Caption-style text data
···
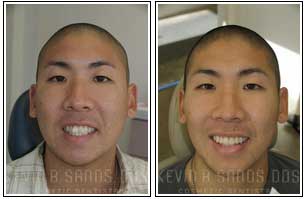 Porcelain Veneers Before and After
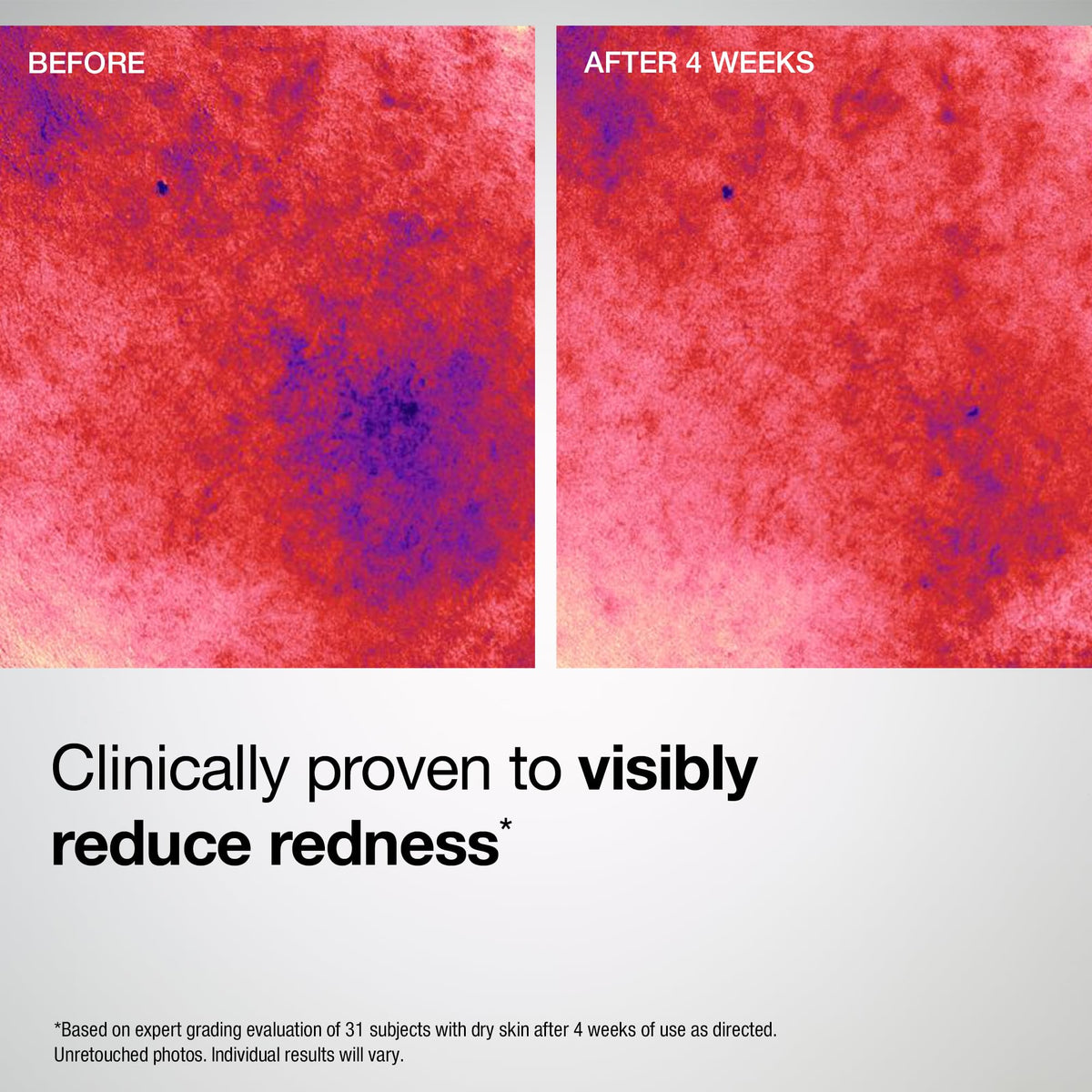 StriVectin Barrier Restore Soothing Milky Face Mist with - Premium Selection Official Imagery - 7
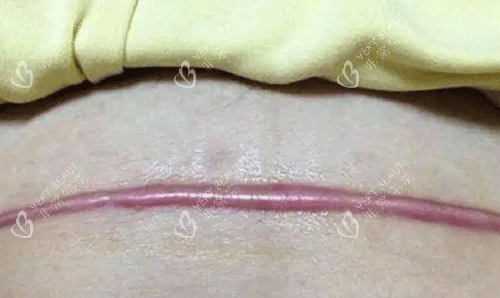 疤痕增生 疤痕增生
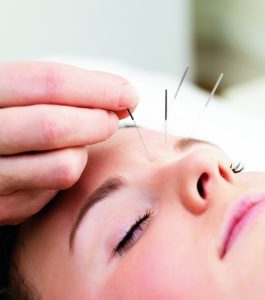 Community Acupuncture - Winter Immune Boost @ Salt of the Earth, Center for Healing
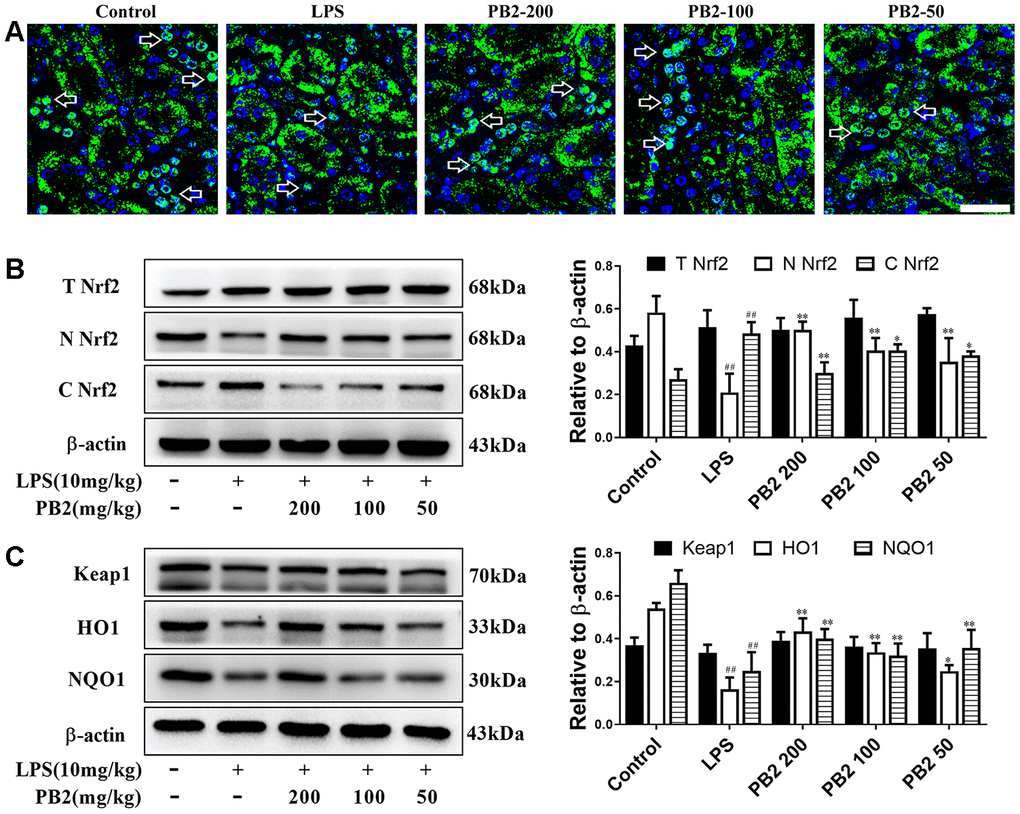 Effects of PB2 on Nrf2 translocation into nucleus (n = 8). IF of Nrf2 (Bar = 50 μm) (A); total Nrf2 and nuclear/cytosolic Nrf2 (B), Keap1, HO1 and NQO1 and semi-quantification (C). #P ≤ 0.05, ##P ≤ 0.01 compared to control mice; *P ≤ 0.05, **P ≤ 0.01 compared to LPS challenged alone.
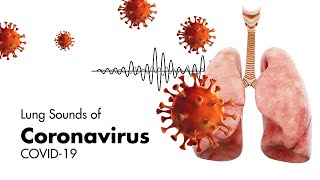 Sounds of Coronavirus COVID19  Lung Sounds [upl. by Sewellyn426]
···
Work task: In the records above, take every line from the opening one through the line with "Community Acupuncture - Winter" and repeat it exactly; pictures are not part of the copy.

Output of the exercise:
 Porcelain Veneers Before and After
 StriVectin Barrier Restore Soothing Milky Face Mist with - Premium Selection Official Imagery - 7
 疤痕增生 疤痕增生
 Community Acupuncture - Winter Immune Boost @ Salt of the Earth, Center for Healing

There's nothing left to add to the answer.